Existe, com efeito, uma ligeira diferença entre as palavras escravo e escravizado, o que poderá ditar a preferência por uma ou outra forma.
O dicionário Priberam propõe, para a palavra escravo, o seguinte significado: «Indivíduo que foi destituído da sua liberdade e que vive em absoluta sujeição a alguém que o trata como um bem explorável e negociável. = CATIVO». Já a Infopédia refere: «(sobretudo no passado) pessoa privada de liberdade que, por ser legalmente considerada propriedade de outrem, a quem está sujeito, não tem direitos cívicos».
Deste breve levantamento, poderemos concluir que ambas as significações propostas partem da noção de situação resultante de uma ação desenvolvida no sentido de privar alguém da sua liberdade, ou seja, colocam a tónica no resultado da ação.
No que respeita a palavra escravizado, tanto o dicionário Priberam como a Infopédia a descrevem como forma de particípio passado do verbo escravizar, que, por seu turno, significa “reduzir à condição de escravo”. Sendo uma forma participial, escravizado poderá aparecer em formas compostas do verbo (1) ou na qualidade de adjetivo (2):
(1) «Ele foi escravizado à chegada ao Brasil.»
(2) «Ali estavam os homens escravizados.»
É de referir que o termo escravizado denota sobretudo o processo que implica a passagem de uma situação de liberdade para uma situação marcada pela sua ausência, enquanto o termo escravo descreve sobretudo o resultado dessa ação, como vimos acima.
Assim sendo, a opção por um ou outro termo poderá ter implicações de natureza ideológica, sendo que escravizado se adequa melhor à denuncia da ação criminosa exercida por quem privou alguém da sua libertado.
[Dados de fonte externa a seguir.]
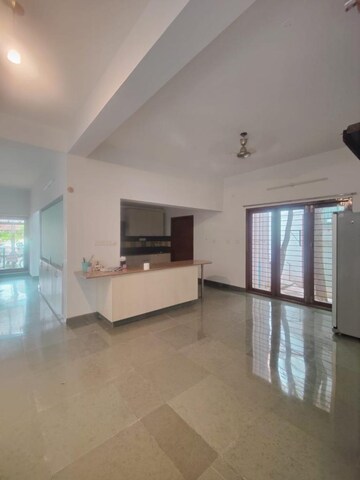 Room in 4 BHK Independent House at Rmv 2nd Stage – for Sale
Escravo já poderá ser entendido como um estado definitivo, o que não se coaduna com a ideia de que este estado é sempre não natural, se tivermos em consideração que falamos de seres humanos.
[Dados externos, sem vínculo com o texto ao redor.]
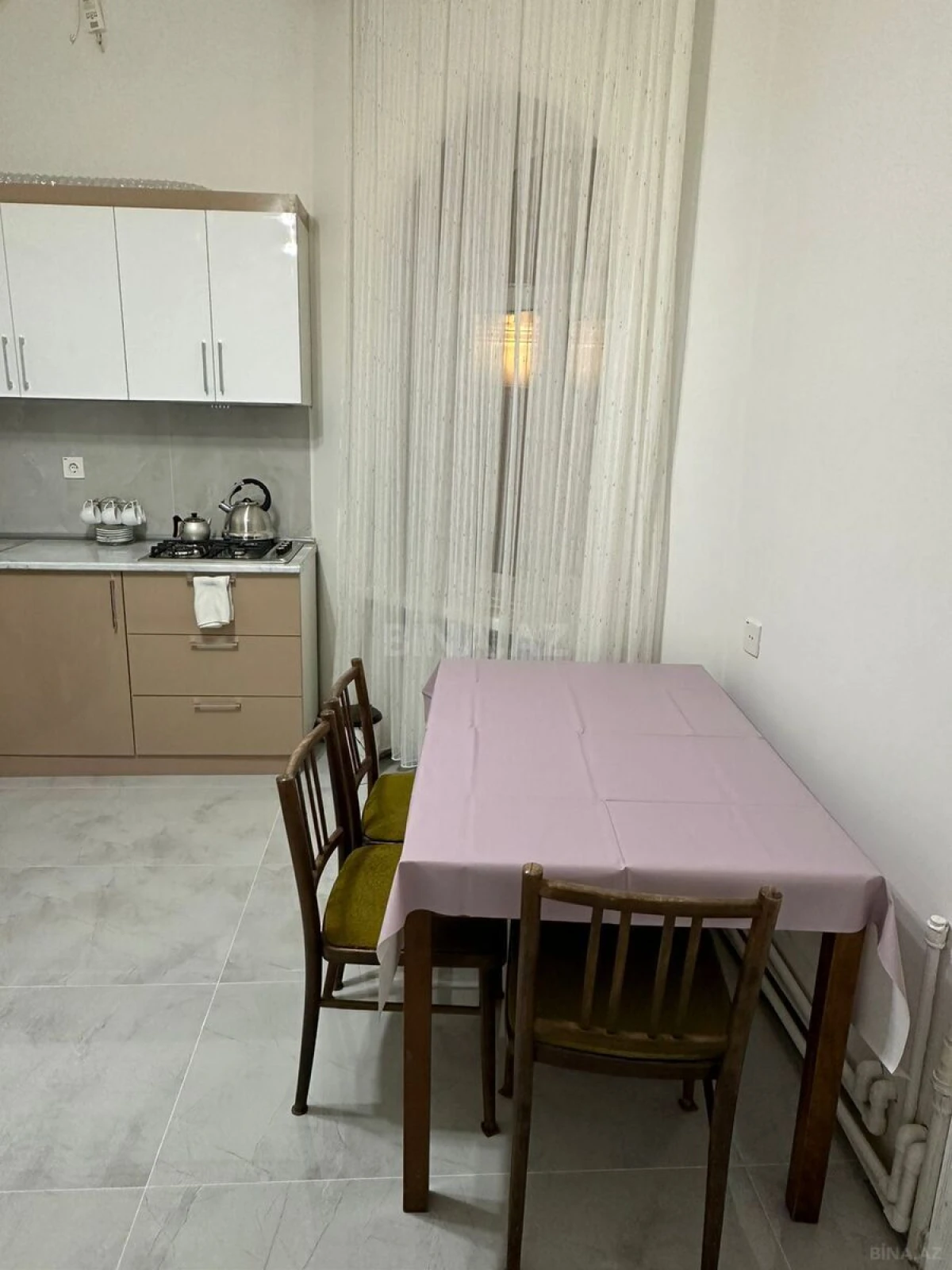 Kirayə verilir 2 otaqlı mənzil 80 m²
Por fim, uma busca no Corpus do Português, de Mark Davies, mostra que a palavra escravizado tem uso como adjetivo sobretudo em registos oriundos de publicações brasileiras, sendo menos frequente em publicações portuguesas, ao contrário do que se verifica com a palavra escravo, que apresenta um conjunto muito alargado de ocorrências.
Por fim, embora a palavra escravizado não tenha ainda um registo dicionarizado que a coloque no plano dos usos ao nível da palavra escravo, ou como opção preferencial, o seu uso pode ocorrer, sendo uma forma de marcar uma posição ideológica ou uma interpretação de um facto histórico. Nesta âmbito, a expressão «pessoa escravizada» poderá ser entendida como uma expressão de natureza perifrástica que procura descrever de forma mais próxima do real um dado acontecimento histórico, neste caso.
Advirta-se, porém, que escravizado não terá a capacidade de substituir escravo em todas as suas manifestações, como se verifica na relação em (3) e (4):
(3) «A empresa tinha trabalho escravo.»
(4) «*A empresa tinha trabalho escravizado.»
Disponha sempre!
*assinala a inaceitabilidade da frase.